Aarhus Universitets segl

Academic Hour: The Spectral Wound. Sexual Violence, Public Memories and the Bangladesh War of 1971

With Dr. Nayanika Mookherjee, Durham University

Oplysninger om arrangementet

Tidspunkt

Onsdag 15. november 2017,  kl. 13:15 - 15:00

Sted

Moesgaard Lecture Hall (4206-139), Campus Moesgaard

Abstract
Following the 1971 Bangladesh War, the Bangladesh government publicly designated the thousands of women raped by the then West Pakistani (later Pakistani) military and their local East Pakistani (later Bangladeshi) collaborators as birangonas, ("brave women”). Drawing Spectral Wound aims to counter the assumption of silence relating to wartime rape and ethnographically map out the circulation of public memories related to the sexual violence of the Bangladesh Liberation War of 1971 (Muktijuddho). This public memory manifests in the internationally unprecedented state designation of the raped women as birangonas (war heroines) in 1971; an extensive 45 year old archive of visual and literary representations of the raped woman dating back to 1971; and human rights testimonies of poor and middle class birangonas since the 1990s.
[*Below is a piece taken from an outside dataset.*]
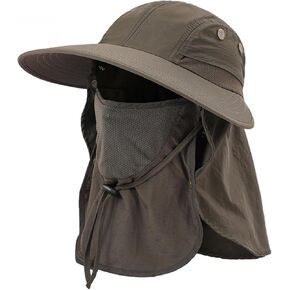 Fisherman Bucket Hats Wide Brim Sun Hat UPF 50+ with Face Cover & Neck Flap, Ponytail Design for Women Men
The book demonstrates that while this celebration of birangonas as heroes keeps them in the public memories, they exist in the public consciousness as what I call a spectral wound. Dominant representations of birangonas as dehumanized victims with disheveled hair, and rejected by their communities create this wound, the effects of which flatten the diversity of their experiences through which birangonas have lived with this violence of wartime rape. Through a year-long fieldwork conducted in 1997-1998 and later in 2011-2013, the book ethnographically examines the circulation of images, press and literary representations, testimonies of rape among survivors of sexual violence and their families, the left-liberal civil society and state actors. It focuses not only on the experiences of women but also of that of men; examines public memory and public secrecy of wartime rape in a post-conflict context rather than seeking to highlight silent narratives; and finally locates the narratives within wider political, literary and visual contexts. In critically examining the pervasiveness of the birangona construction, the book decentres the prevalent understandings of stigma, silence, honour, shame and reparations relating to wartime rape and opens the possibility for a more politico-economic and ethical inquiry into the sexuality of war.

Author Bio:
Nayanika Mookherjee is an Associate Professor (Reader) in the Anthropology department in Durham University. She has published extensively on anthropology of violence, ethics and aesthetics. Her book: The Spectral Wound: Sexual Violence, Public Memories and the Bangladesh War (2015, Duke University Press, Foreword by Prof. Veena Das) was among the top two books shortlisted for the BBC’s Thinking Allowed and Best Ethnography Award and is one of the four shortlisted finalist for the Michelle Z. Rosaldo award to be honoured by the Association of Feminist Anthropologists (AFA) at the American Anthropological Association (AAA) annual meeting in Nov 2017. Other publications include co-editing (with Christopher Pinney, 2011) the JRAI (Journal of Royal Anthropological Institute) Special Issue: ‘The Aesthetics of Nation’; the JHS (Journal of Historical Sociology) 2013 Special Issue: ‘The Self in South Asia’; the 2015 Journal of Material Culture Special Issue (Aesthetics, Politics, Conflict). Funded by the Leverhulme Foundation and a one month scholarly residency fellowship in the Rockefeller Foundation in Bellagio, she is completing her book: ‘Arts of Irreconciliation’ (contracted with the Cultural Memory in the Present Series, Stanford University Press). As a British Academy mid career fellow she has been carrying out new research on transnational adoption and conflict. 

She was a member of the executive committee and the ethics officer of the Association of Social Anthropologists of Britain and the Commonwealth (ASA) and updated the ASA ethics code in 2011. She has been a member of the ESRC and AHRC Peer Review Colleges. She is currently a member of the ESRC Grant Assessment Panel, ERC Peer Review College and Ethics committee of the World Council of Anthropological Associations.